Hitt D C, Booth J L, Dandapani V, Pennington L R, Gimble J M, Metcalf J
Department of Surgery, University of Oklahoma Health Sciences Center, Oklahoma City 73190, USA.
Mol Biotechnol. 2000 Mar;14(3):197-203. doi: 10.1385/MB:14:3:197.

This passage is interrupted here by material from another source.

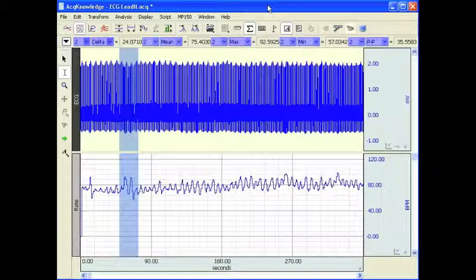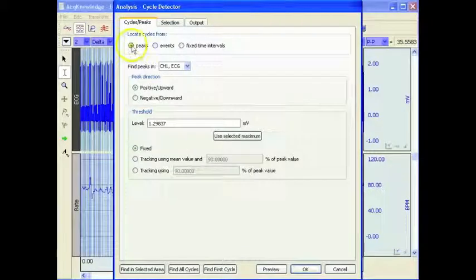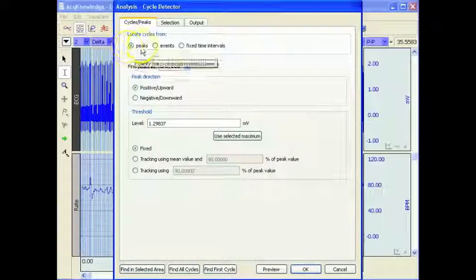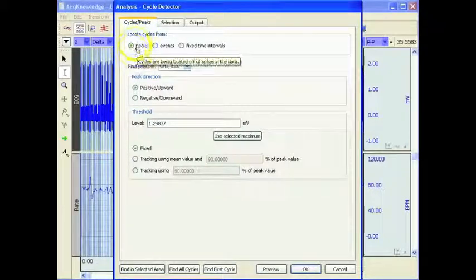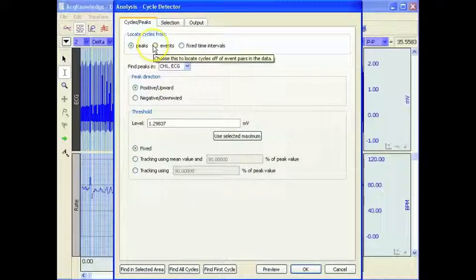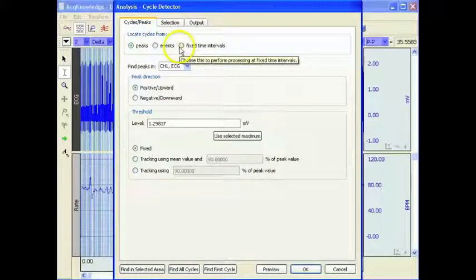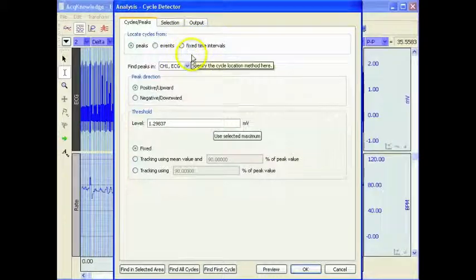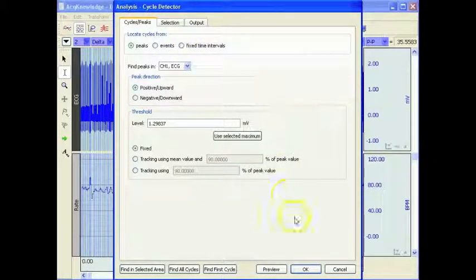The following screencast is about parking — using the tool to locate events within a waveform, to locate events and place event markers. This time we're going to review the fixed time interval feature.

As the use of adenoviral vectors in gene therapy protocols increases, there is a corresponding need for rapid, accurate, and reproducible titer methods. Multiple methods currently exist for determining titers of recombinant adenoviral vector, including optical absorbance, electron microscopy, fluorescent focus assay, and the "gold standard" plaque assay. This paper introduces a novel flow cytometric method for direct titer determination that relies on the expression of the green fluorescent protein (GFP), a tracking marker incorporated into several adenoviral vectors. This approach was compared to the plaque assay using 10(-4)- to 10(-6)-fold dilutions of a cesium-chloride-purified, GFP expressing adenovirus (AdEasy + GFP + GAL). The two approaches yielded similar titers: 3.25 +/- 1.85 x 10(9) PFU/mL versus 3.46 +/- 0.76 x 10(9) green fluorescent units/(gfu/mL). The flow cytometric method is complete within 24 h in contrast to the 7 x 10 days required by the plaque assay. These results indicate that the GFU/mL is an alternative functional titer method for fluorescent-tagged adenoviral vectors.
随着腺病毒载体在基因治疗方案中的应用不断增加,相应地需要快速、准确且可重复的滴度测定方法。目前存在多种用于测定重组腺病毒载体滴度的方法,包括光吸收法、电子显微镜法、荧光聚焦测定法以及“金标准”噬斑测定法。本文介绍了一种基于绿色荧光蛋白(GFP)表达的新型流式细胞术直接滴度测定方法,GFP是一种整合到多种腺病毒载体中的追踪标记物。将该方法与噬斑测定法进行比较,使用经氯化铯纯化的、表达GFP的腺病毒(AdEasy + GFP + GAL)进行10⁻⁴至10⁻⁶倍稀释。两种方法得到的滴度相似:分别为3.25 ± 1.85×10⁹ PFU/mL和3.46 ± 0.76×10⁹绿色荧光单位/(gfu/mL)。与噬斑测定法所需的7至10天相比,流式细胞术方法在24小时内即可完成。这些结果表明,GFU/mL是荧光标记腺病毒载体的一种替代功能滴度测定方法。